NeuralEnsemble / python-neo

Neo is a package for representing electrophysiology data in Python, together with support for reading a wide range of neurophysiology file formats
http://neo.readthedocs.io/en/latest/
BSD 3-Clause "New" or "Revised" License
323 stars 248 forks source link

Analog signal data not read from TDT SEV #1129

Open grahamfindlay opened 2 years ago

grahamfindlay commented 2 years ago

Hi, all. I have never used neo directly before, so I apologize if this is just user error. But I have read through docs and code, and I think what I'm seeing is unexpected behavior.

I have a TDT tank containing a single TDT block using SEV (rather than TEV) format. I can successfully create a TdtIO object, read the .Tbk and .tsq files, which seem to reflect the right streams, with the right names, and the right numbers of channels. But it seems as if these header files are not being parsed properly, because the AnalogSignal objects that I get have incorrect sampling rates (1.0 Hz, vs the actual ~610Hz), incorrect durations (0.0s vs several hours), and no actual data (e.g. anasig.shape is (0, 4) for a 4 channel signal). I notice that the TdtIO._sigs_lengths dict is {0: {0: 0, 1: 0}}, which it seems should reflect the size of the data. But there doesn't at first glance appear to be anything wrong with the '.Tbk' and '.tsq' parsing, so perhaps the issue lies somewhere in between.

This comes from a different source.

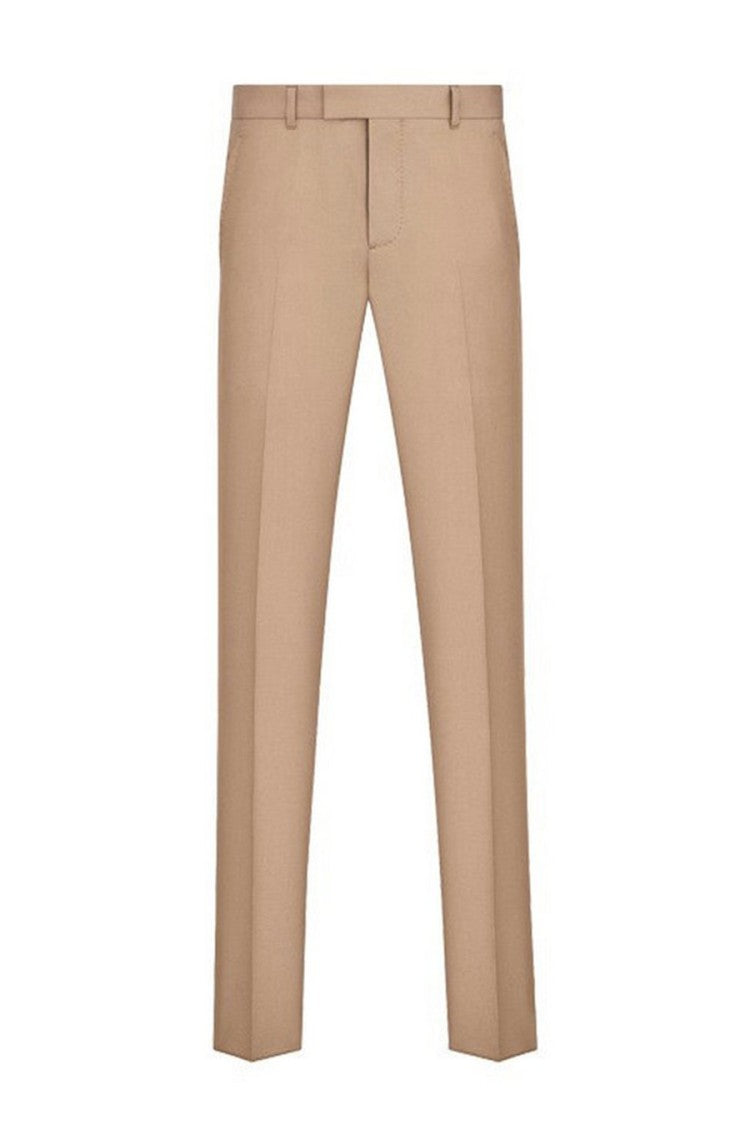 Dior Beige Cotton-Blend Formal Pants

Here's a demonstration: read_tdt_using_neo.pdf. The data are ~800MB. Let me know if you'd like a copy in order to reproduce the issue.

Thanks, Graham

samuelgarcia commented 2 years ago

Hhi Graham, I did this reader very long time ago. I don't remember any detail. @JuliaSprenger : have refactor a bit recently. Maybe she will be able to help.

JuliaSprenger commented 2 years ago

Hi @grahamfindlay, thanks for reporting this. My first suspicion would be that the .sev files are not detected by the io, as they are containing an additional _EEGf identifier in the filename, that is not present for the other files. Could you try renaming some of your sev files to just FCSV_EEG-220215-173221_Paul-220607-102425_Ch{1..4}.sev?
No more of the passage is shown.